ABOUT THIS TASK >> Your copy should repeat each record below exactly and contain no images.
** Opening DATA block **
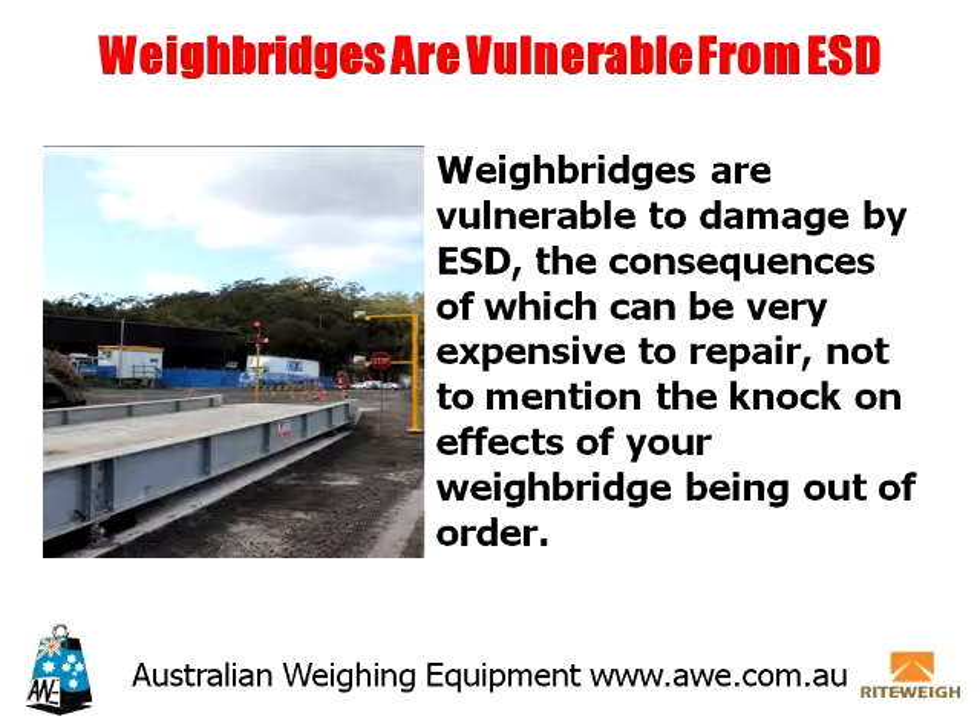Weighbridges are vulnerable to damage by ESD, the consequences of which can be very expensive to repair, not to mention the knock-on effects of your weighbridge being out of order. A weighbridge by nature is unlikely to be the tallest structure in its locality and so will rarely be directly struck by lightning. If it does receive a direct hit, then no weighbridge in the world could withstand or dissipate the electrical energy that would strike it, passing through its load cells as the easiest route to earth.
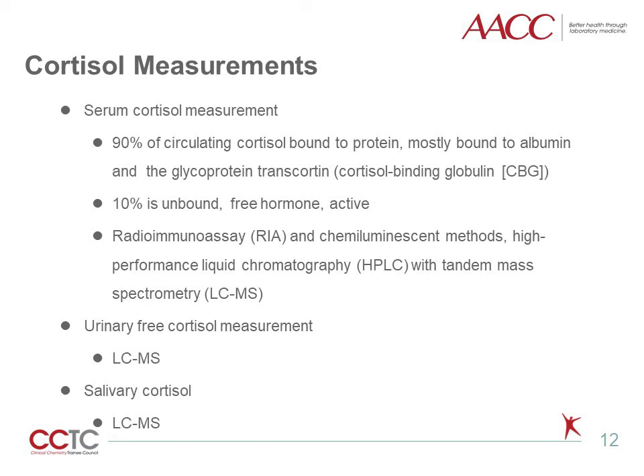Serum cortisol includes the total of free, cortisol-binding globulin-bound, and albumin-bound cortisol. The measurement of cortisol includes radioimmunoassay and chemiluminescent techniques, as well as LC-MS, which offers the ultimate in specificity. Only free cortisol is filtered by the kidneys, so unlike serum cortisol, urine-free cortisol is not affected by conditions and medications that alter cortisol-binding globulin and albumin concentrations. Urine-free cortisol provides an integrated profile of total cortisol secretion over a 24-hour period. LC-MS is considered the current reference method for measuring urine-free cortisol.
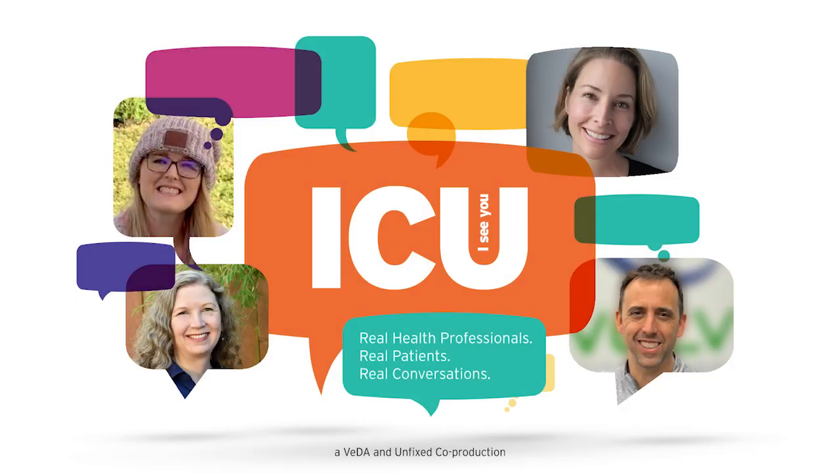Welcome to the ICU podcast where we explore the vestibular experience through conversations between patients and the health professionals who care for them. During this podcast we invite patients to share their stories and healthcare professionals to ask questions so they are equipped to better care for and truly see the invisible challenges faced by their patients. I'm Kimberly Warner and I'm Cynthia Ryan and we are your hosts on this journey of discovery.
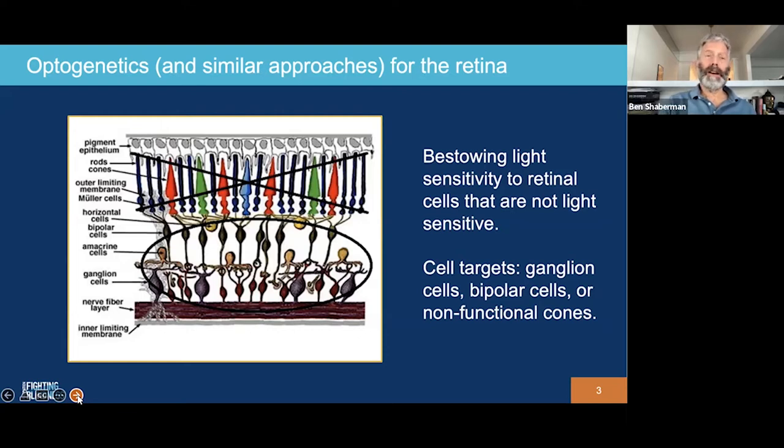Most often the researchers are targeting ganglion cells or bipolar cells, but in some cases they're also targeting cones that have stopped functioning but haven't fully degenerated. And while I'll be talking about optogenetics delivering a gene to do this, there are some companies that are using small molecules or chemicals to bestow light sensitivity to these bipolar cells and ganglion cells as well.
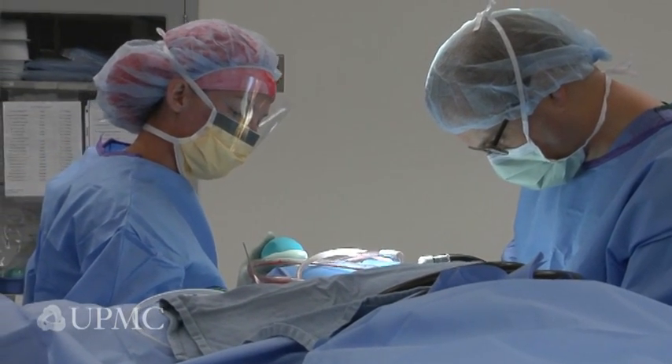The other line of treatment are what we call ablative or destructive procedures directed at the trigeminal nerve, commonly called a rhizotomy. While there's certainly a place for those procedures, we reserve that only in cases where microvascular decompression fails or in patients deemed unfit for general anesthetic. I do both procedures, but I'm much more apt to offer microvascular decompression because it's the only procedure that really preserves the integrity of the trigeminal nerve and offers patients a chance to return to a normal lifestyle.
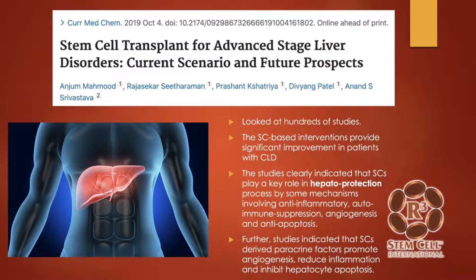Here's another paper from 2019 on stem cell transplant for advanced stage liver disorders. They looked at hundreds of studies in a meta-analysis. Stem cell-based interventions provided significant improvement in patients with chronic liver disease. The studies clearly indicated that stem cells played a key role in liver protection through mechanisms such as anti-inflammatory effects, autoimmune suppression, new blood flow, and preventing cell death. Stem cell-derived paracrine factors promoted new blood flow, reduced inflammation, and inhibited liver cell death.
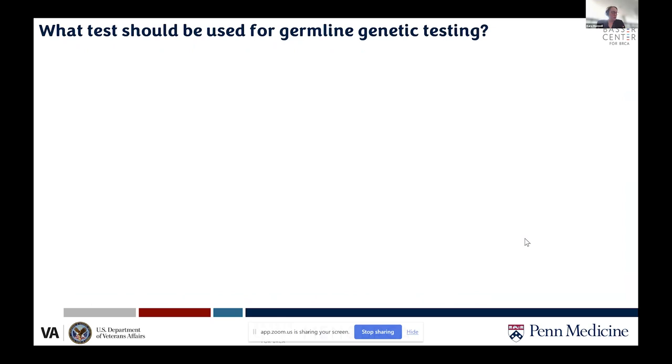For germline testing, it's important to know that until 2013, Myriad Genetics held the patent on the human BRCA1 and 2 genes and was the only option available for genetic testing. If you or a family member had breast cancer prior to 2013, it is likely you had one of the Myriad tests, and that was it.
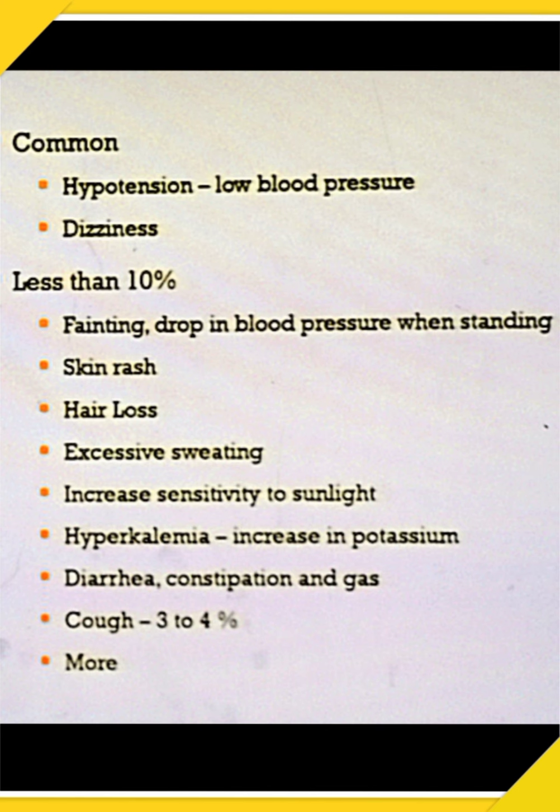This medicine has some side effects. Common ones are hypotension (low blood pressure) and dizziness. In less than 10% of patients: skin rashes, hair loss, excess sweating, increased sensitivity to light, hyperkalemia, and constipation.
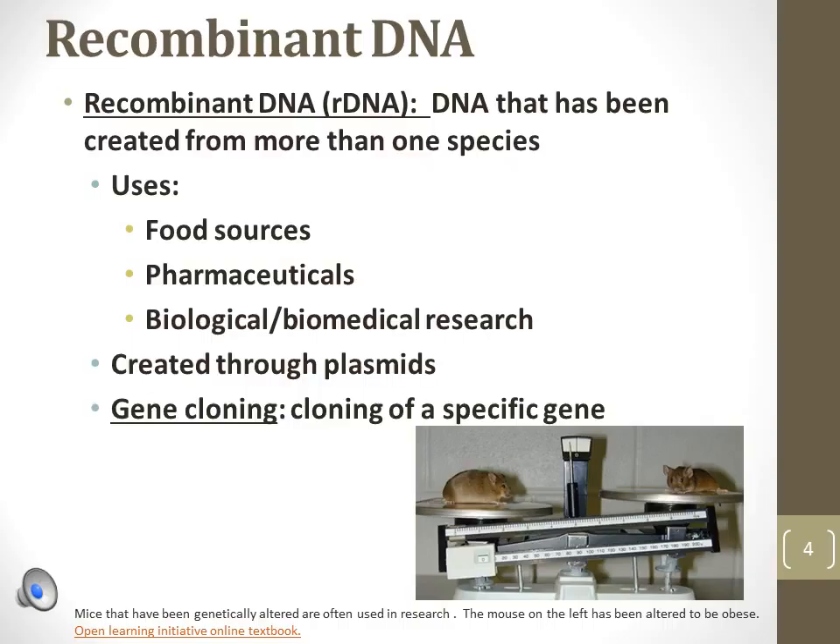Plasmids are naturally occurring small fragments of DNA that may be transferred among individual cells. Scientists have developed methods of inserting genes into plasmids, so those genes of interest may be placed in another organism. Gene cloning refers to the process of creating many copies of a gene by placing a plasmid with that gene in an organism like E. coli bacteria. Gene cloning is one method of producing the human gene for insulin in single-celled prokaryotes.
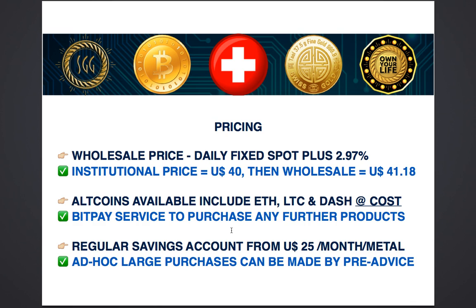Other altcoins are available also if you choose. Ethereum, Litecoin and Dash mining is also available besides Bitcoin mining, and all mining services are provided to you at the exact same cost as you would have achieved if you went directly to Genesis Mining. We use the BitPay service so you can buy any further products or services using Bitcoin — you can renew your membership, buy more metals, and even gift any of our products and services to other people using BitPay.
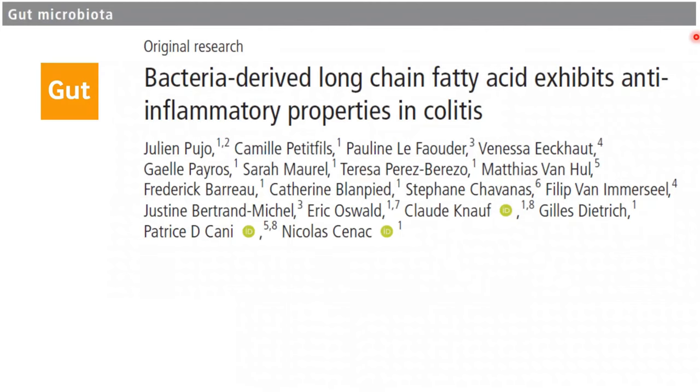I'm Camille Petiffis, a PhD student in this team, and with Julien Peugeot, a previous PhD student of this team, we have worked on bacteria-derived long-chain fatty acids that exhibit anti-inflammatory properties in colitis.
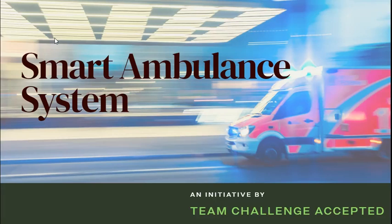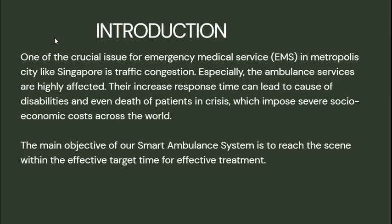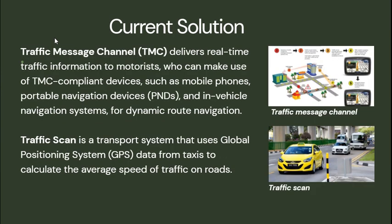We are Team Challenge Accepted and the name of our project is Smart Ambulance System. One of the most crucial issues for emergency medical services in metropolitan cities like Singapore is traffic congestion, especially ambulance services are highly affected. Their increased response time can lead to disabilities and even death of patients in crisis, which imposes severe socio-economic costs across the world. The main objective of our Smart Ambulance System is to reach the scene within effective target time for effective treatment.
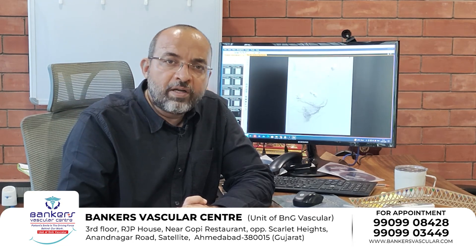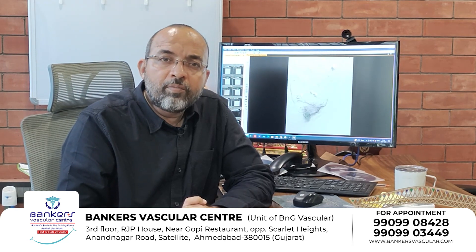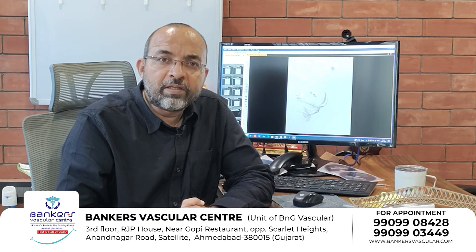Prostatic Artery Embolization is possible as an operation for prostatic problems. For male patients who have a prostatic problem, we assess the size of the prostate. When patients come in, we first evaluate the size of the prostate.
** Closing DATA block **
EXERCISE OUTPUT >>
Weighbridges are vulnerable to damage by ESD, the consequences of which can be very expensive to repair, not to mention the knock-on effects of your weighbridge being out of order. A weighbridge by nature is unlikely to be the tallest structure in its locality and so will rarely be directly struck by lightning. If it does receive a direct hit, then no weighbridge in the world could withstand or dissipate the electrical energy that would strike it, passing through its load cells as the easiest route to earth.
Serum cortisol includes the total of free, cortisol-binding globulin-bound, and albumin-bound cortisol. The measurement of cortisol includes radioimmunoassay and chemiluminescent techniques, as well as LC-MS, which offers the ultimate in specificity. Only free cortisol is filtered by the kidneys, so unlike serum cortisol, urine-free cortisol is not affected by conditions and medications that alter cortisol-binding globulin and albumin concentrations. Urine-free cortisol provides an integrated profile of total cortisol secretion over a 24-hour period. LC-MS is considered the current reference method for measuring urine-free cortisol.
Welcome to the ICU podcast where we explore the vestibular experience through conversations between patients and the health professionals who care for them. During this podcast we invite patients to share their stories and healthcare professionals to ask questions so they are equipped to better care for and truly see the invisible challenges faced by their patients. I'm Kimberly Warner and I'm Cynthia Ryan and we are your hosts on this journey of discovery.
Most often the researchers are targeting ganglion cells or bipolar cells, but in some cases they're also targeting cones that have stopped functioning but haven't fully degenerated. And while I'll be talking about optogenetics delivering a gene to do this, there are some companies that are using small molecules or chemicals to bestow light sensitivity to these bipolar cells and ganglion cells as well.
The other line of treatment are what we call ablative or destructive procedures directed at the trigeminal nerve, commonly called a rhizotomy. While there's certainly a place for those procedures, we reserve that only in cases where microvascular decompression fails or in patients deemed unfit for general anesthetic. I do both procedures, but I'm much more apt to offer microvascular decompression because it's the only procedure that really preserves the integrity of the trigeminal nerve and offers patients a chance to return to a normal lifestyle.
Here's another paper from 2019 on stem cell transplant for advanced stage liver disorders. They looked at hundreds of studies in a meta-analysis. Stem cell-based interventions provided significant improvement in patients with chronic liver disease. The studies clearly indicated that stem cells played a key role in liver protection through mechanisms such as anti-inflammatory effects, autoimmune suppression, new blood flow, and preventing cell death. Stem cell-derived paracrine factors promoted new blood flow, reduced inflammation, and inhibited liver cell death.
For germline testing, it's important to know that until 2013, Myriad Genetics held the patent on the human BRCA1 and 2 genes and was the only option available for genetic testing. If you or a family member had breast cancer prior to 2013, it is likely you had one of the Myriad tests, and that was it.
This medicine has some side effects. Common ones are hypotension (low blood pressure) and dizziness. In less than 10% of patients: skin rashes, hair loss, excess sweating, increased sensitivity to light, hyperkalemia, and constipation.
Plasmids are naturally occurring small fragments of DNA that may be transferred among individual cells. Scientists have developed methods of inserting genes into plasmids, so those genes of interest may be placed in another organism. Gene cloning refers to the process of creating many copies of a gene by placing a plasmid with that gene in an organism like E. coli bacteria. Gene cloning is one method of producing the human gene for insulin in single-celled prokaryotes.
Other altcoins are available also if you choose. Ethereum, Litecoin and Dash mining is also available besides Bitcoin mining, and all mining services are provided to you at the exact same cost as you would have achieved if you went directly to Genesis Mining. We use the BitPay service so you can buy any further products or services using Bitcoin — you can renew your membership, buy more metals, and even gift any of our products and services to other people using BitPay.
I'm Camille Petiffis, a PhD student in this team, and with Julien Peugeot, a previous PhD student of this team, we have worked on bacteria-derived long-chain fatty acids that exhibit anti-inflammatory properties in colitis.
We are Team Challenge Accepted and the name of our project is Smart Ambulance System. One of the most crucial issues for emergency medical services in metropolitan cities like Singapore is traffic congestion, especially ambulance services are highly affected. Their increased response time can lead to disabilities and even death of patients in crisis, which imposes severe socio-economic costs across the world. The main objective of our Smart Ambulance System is to reach the scene within effective target time for effective treatment.
Prostatic Artery Embolization is possible as an operation for prostatic problems. For male patients who have a prostatic problem, we assess the size of the prostate. When patients come in, we first evaluate the size of the prostate.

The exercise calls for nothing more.